Fig. 3.

Inpp5e^rdg, which carries a D511G mutation, is a functional null allele of Inpp5e. (A) Schematic showing the protein domain structure of Inpp5e. D511G in Inpp5e^rdg is the result of an A-to-G transition in the coding strand (NM_033134.3:c2164A>G). (B) Exon structure of Inpp5e, based on NCBI reference sequence NM_033134.3, showing location of deleted exons in two previously characterized alleles. (C) Alignment of protein sequence surrounding position 511 of mouse Inpp5e (highlighted) showing that aspartic acid is conserved across multiple species. (D-G) Whole-mount images of E12.5 embryos. (E) Inpp5e^rdg/rdg mutants display exencephaly and microphthalmia (n=20). These animals are on a mixed FVB/C3H background so that the retinal pigment epithelium cells are visible. (F,G) Inpp5e^rdg/ΔEx7-8 (n=4) and FVB-Inpp5e^{ΔEx7-8/ΔEx7-8} (n=9) embryos resemble Inpp5e^rdg/rdg mutants, indicating the alleles fail to complement. (H) qRT-PCR of Gli1 in Inpp5e^rdg/+ (n=3) and Inpp5e^rdg/rdg (n=3) MEFs in the presence (+) and absence (−) of Shh treatment.

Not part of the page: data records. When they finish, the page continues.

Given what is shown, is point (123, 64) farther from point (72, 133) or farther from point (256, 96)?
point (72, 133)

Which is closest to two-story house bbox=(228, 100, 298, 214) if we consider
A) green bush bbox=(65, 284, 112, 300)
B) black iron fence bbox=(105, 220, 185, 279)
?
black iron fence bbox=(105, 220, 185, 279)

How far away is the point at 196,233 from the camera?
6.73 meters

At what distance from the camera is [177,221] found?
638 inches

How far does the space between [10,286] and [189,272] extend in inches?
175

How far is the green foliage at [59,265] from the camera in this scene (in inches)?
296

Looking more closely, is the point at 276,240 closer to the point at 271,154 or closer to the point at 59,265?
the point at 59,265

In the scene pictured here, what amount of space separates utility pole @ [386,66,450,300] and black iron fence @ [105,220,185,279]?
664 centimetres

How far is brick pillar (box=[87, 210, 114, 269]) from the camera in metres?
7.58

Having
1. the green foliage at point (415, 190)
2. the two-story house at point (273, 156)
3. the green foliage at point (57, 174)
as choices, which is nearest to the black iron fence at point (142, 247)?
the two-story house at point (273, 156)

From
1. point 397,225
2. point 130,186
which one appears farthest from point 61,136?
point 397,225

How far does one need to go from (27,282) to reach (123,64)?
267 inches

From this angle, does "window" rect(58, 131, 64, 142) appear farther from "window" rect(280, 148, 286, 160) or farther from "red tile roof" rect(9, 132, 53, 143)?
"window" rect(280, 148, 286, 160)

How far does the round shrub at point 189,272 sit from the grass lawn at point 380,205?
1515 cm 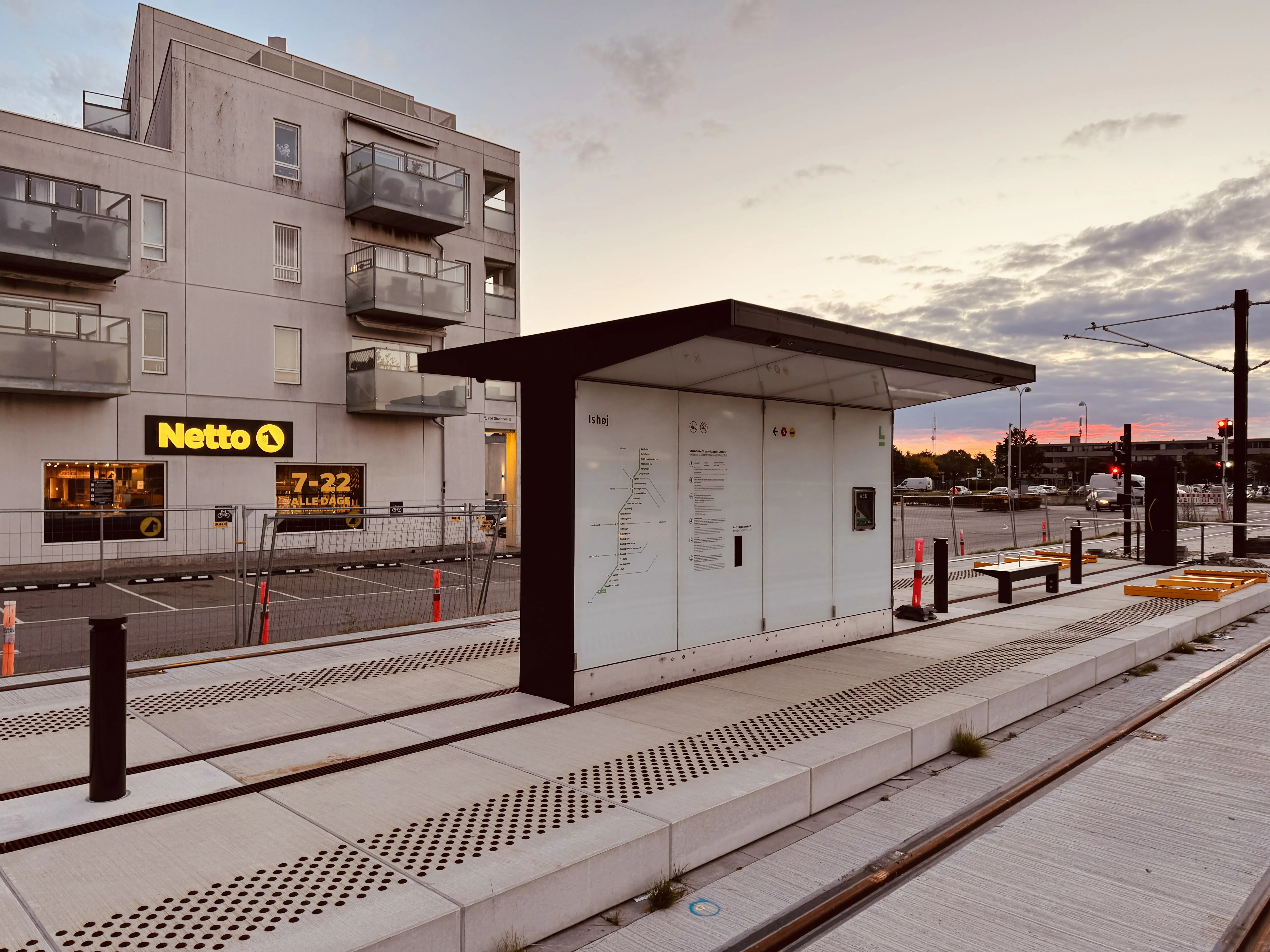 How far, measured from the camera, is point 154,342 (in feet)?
75.9

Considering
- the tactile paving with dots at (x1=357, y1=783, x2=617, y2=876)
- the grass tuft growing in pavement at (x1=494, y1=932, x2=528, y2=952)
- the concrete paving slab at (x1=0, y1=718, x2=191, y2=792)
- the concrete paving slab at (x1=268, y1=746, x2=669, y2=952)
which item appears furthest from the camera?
the concrete paving slab at (x1=0, y1=718, x2=191, y2=792)

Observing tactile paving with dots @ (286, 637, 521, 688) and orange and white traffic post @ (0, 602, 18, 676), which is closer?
tactile paving with dots @ (286, 637, 521, 688)

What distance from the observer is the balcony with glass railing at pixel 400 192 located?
85.9 feet

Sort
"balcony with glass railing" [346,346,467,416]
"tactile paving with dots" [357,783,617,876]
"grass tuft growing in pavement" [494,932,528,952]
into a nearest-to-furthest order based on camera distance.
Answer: "grass tuft growing in pavement" [494,932,528,952]
"tactile paving with dots" [357,783,617,876]
"balcony with glass railing" [346,346,467,416]

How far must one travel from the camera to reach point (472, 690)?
7.66 m

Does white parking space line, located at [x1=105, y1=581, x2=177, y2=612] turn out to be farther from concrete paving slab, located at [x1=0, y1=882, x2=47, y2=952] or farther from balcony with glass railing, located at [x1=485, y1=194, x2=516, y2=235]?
balcony with glass railing, located at [x1=485, y1=194, x2=516, y2=235]

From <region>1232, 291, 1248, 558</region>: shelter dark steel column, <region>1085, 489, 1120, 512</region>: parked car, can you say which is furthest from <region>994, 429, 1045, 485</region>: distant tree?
<region>1232, 291, 1248, 558</region>: shelter dark steel column

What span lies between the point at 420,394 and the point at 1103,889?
2493cm

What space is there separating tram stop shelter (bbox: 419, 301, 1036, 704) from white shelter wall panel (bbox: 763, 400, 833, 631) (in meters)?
0.02

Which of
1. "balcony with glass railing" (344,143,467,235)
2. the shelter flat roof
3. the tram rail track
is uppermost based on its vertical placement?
"balcony with glass railing" (344,143,467,235)

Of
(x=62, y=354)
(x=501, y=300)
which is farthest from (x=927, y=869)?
(x=501, y=300)

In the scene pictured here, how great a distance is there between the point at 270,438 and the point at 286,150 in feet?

Bar indicates mean of biological replicates with individual data points shown, analyzed by ANOVA using Tukey's correction for multiple comparisons. **P<0.01; ns, not significant. (I-K) Inpp5e^rdg/rdg mutants on C57BL/6J background survive to E16.5 and display exencephaly, microphthalmia and spina bifida to varying degrees of severity (n=6). Arrow indicates spina bifida. (I′-K′) Close-up images showing hindlimb preaxial polydactyly. Arrow indicates extra digit. Scale bars: 1 mm for D-K; 500 µm for I′-K′.